Sehingga menerima pernyataan bahwa Islam juga melakukan invansi militer dalam rangka penyebaran agama adalah sikap ilmiah yang dilandasi kejujuran terhadap sejarah. Yang perlu dicatat, bahwa kita harus membacanya dalam konteks dimana peristiwa tersebut terjadi. Tidak bisa lantas, hari ini, kita melakukan proses yang serupa—yakni invansi militer untuk menyebarkan Islam. Sebenarnya nalar semacam ini dapat kita temukan pada semua agama Semit; Yahudi, Kristen dan Islam. Kita ingat motivasi 3G dalam sebuah kolonialisme, salah satunya adalah Gospel, yakni penyebaran agama Kristen. Dan nalar semacam itu pernah digunakan oleh Bush untuk melakukan invansi militer ke Irak atas nama perang suci. Yang sebenarnya hanya ingin mengeruk kekayaan alam Irak. Sebuah usaha ideologisasi agama untuk tujuan-tujuan murni duniawi.

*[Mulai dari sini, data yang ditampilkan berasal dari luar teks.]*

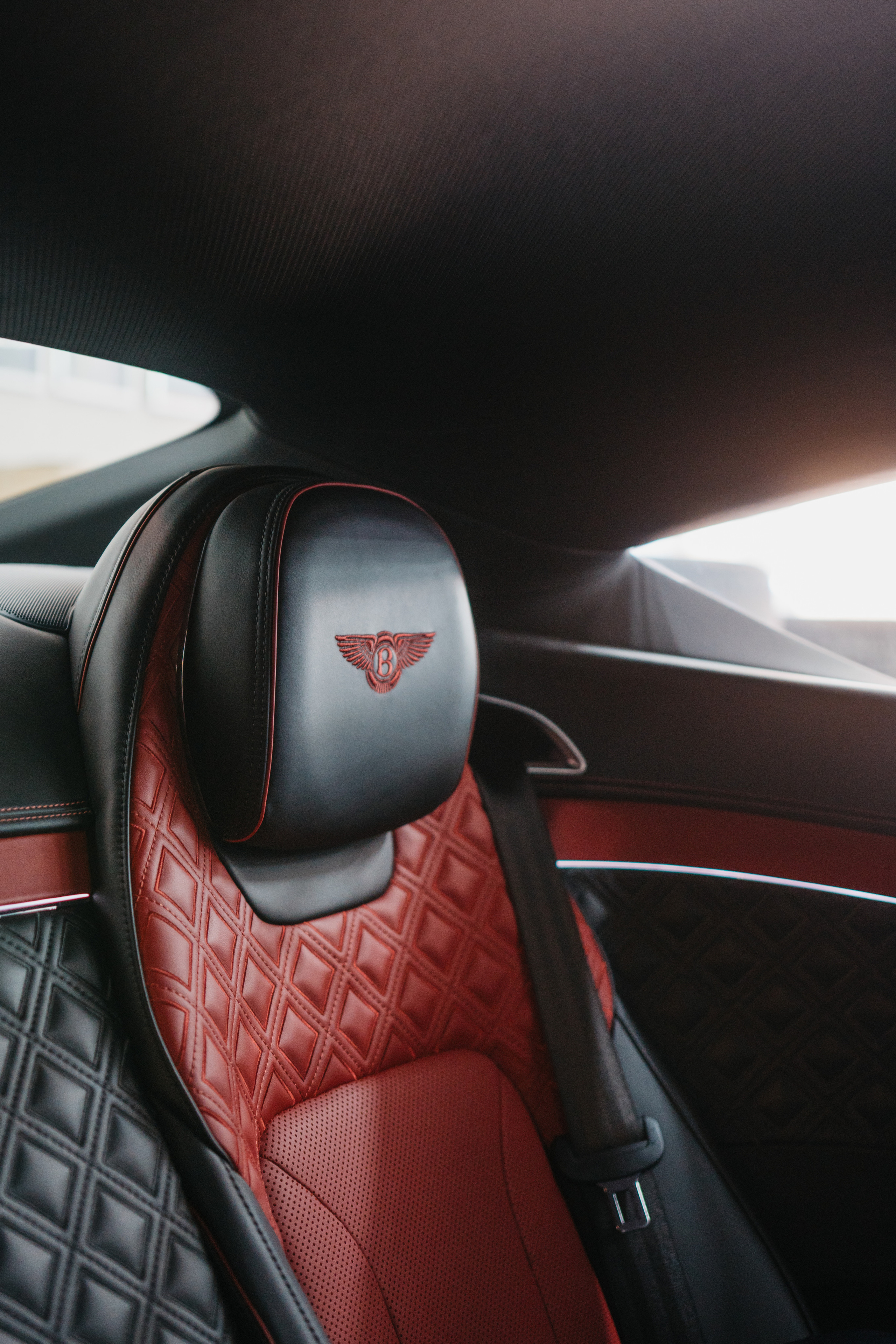 ФОТО. Видеограф Сочи Александр Барсуков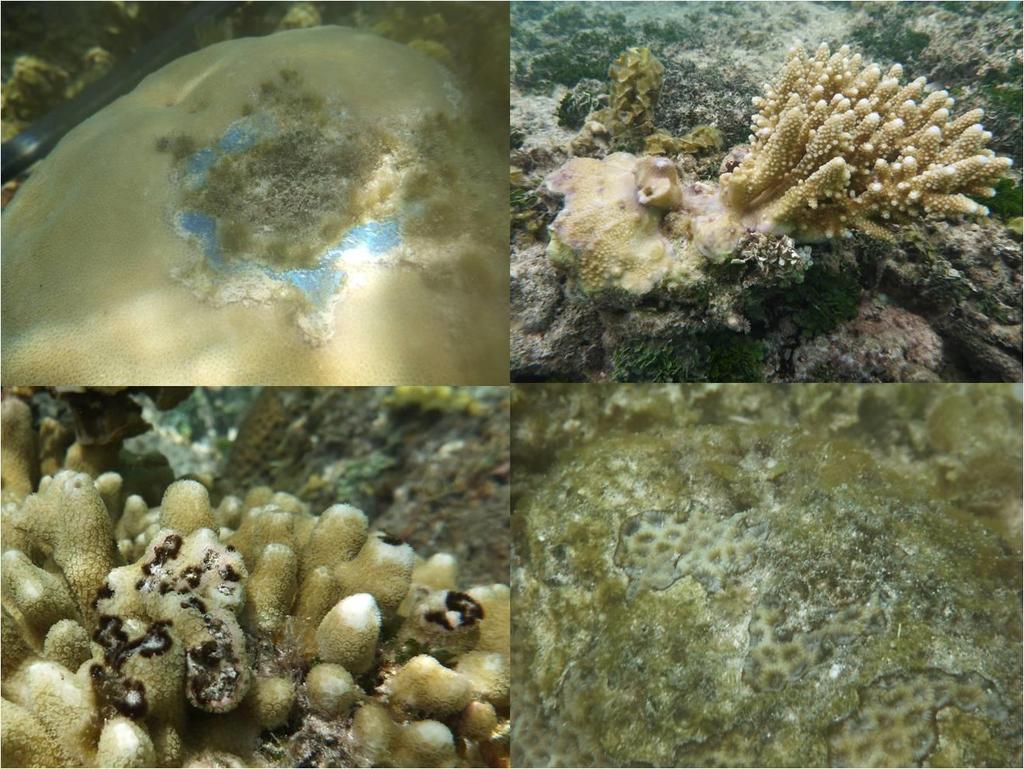 3.2 Benthic Surveys A total of 38 transects and 69 damage quadrats were completed in Coral Gardens and ecologically similar areas of reef to the north and south.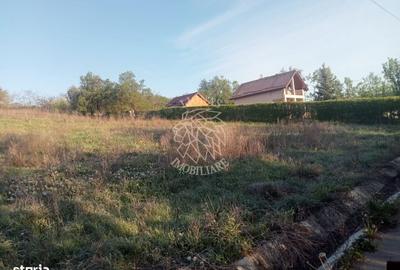 Teren de 10000 mp, în Aluniș - 3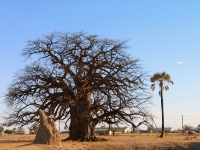 Babobabträd i norra Namibia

Satu fakta sejarah pendukung yang tidak dapat kita hindari adalah terjadinya Perang Salib. Bagi Muslim mungkin akan memandangnya dengan cara negatif terhadap umat Kristiani, dan sebaliknya. Sedangkan menurut saya, dua-duanya adalah koeksistensi untuk perang tersebut ada. Yakni saling mengklaim Tanah Suci.

Ikon yang lain yakni beberapa wanita yang tentu saja mengilustrasikan praktik poligami dalam masyarakat Islam awal. Apakah Anda—sebagai seorang Muslim—akan menyangkal bahwa dulu poligami dalam Islam tidak pernah terjadi? Tentu saja tidak. Menyangkal, berarti sama dengan menyangkal sejarah Islam. Realitas poligami memang ada, tidak hanya secara de facto, al-Quran pun memuat ayat tentang poligami.

Jadi, dari beberapa ikon, selain diri Nabi, menurut saya ilustrasi yang disampaikan merupakan sebuah kenyataan sejarah Islam masa awal. Dalam konteks ini, lebih bijak jika kita masukan karikatur Nabi Muhammad sebagai salah satu kritik atas praktik Islam. Untuk kemudian kita timbang-timbang apakah kritik tersebut relevan atau tidak.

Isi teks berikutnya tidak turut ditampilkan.